**REQUIRED ACTION:**
For the entries below, the result should be an exact transcription of the lines from the one with "fig 3. An Art" up to and including the one with "(keystone/archiv) Eine Frau", and only those.

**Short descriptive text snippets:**
::::::::::
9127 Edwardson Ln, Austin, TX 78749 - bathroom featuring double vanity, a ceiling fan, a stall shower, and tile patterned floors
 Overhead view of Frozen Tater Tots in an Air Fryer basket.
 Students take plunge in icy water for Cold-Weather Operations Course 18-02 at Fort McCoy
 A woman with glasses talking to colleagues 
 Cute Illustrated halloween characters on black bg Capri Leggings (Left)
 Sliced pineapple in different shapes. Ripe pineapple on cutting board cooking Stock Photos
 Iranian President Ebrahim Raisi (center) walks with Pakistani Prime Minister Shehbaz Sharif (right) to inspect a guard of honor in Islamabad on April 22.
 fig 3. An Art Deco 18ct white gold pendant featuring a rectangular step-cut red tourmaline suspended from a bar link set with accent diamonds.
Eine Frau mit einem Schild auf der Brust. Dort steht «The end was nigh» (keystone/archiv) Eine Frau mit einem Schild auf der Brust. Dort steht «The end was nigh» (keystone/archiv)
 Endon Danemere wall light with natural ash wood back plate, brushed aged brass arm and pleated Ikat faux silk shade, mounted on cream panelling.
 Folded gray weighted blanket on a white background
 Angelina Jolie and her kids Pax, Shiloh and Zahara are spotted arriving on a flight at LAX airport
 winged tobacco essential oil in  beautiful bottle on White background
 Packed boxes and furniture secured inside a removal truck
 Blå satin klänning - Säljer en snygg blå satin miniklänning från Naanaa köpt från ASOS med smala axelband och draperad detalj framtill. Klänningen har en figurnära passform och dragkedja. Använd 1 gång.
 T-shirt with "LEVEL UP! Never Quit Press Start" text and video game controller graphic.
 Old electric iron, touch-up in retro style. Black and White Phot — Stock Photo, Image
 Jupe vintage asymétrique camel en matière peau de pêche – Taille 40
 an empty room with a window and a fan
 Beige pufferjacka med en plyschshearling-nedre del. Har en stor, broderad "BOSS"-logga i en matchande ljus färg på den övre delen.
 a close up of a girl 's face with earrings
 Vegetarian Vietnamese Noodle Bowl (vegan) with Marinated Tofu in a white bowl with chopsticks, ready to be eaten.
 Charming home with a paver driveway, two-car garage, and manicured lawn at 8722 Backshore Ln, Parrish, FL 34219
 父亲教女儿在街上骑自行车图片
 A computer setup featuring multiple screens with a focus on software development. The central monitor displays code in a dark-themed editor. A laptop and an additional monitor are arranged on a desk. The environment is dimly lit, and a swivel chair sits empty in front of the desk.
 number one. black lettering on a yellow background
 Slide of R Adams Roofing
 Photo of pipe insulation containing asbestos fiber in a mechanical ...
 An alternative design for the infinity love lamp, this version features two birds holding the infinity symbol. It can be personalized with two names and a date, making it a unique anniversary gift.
::::::::::
**ANSWER BOX:**
 fig 3. An Art Deco 18ct white gold pendant featuring a rectangular step-cut red tourmaline suspended from a bar link set with accent diamonds.
Eine Frau mit einem Schild auf der Brust. Dort steht «The end was nigh» (keystone/archiv) Eine Frau mit einem Schild auf der Brust. Dort steht «The end was nigh» (keystone/archiv)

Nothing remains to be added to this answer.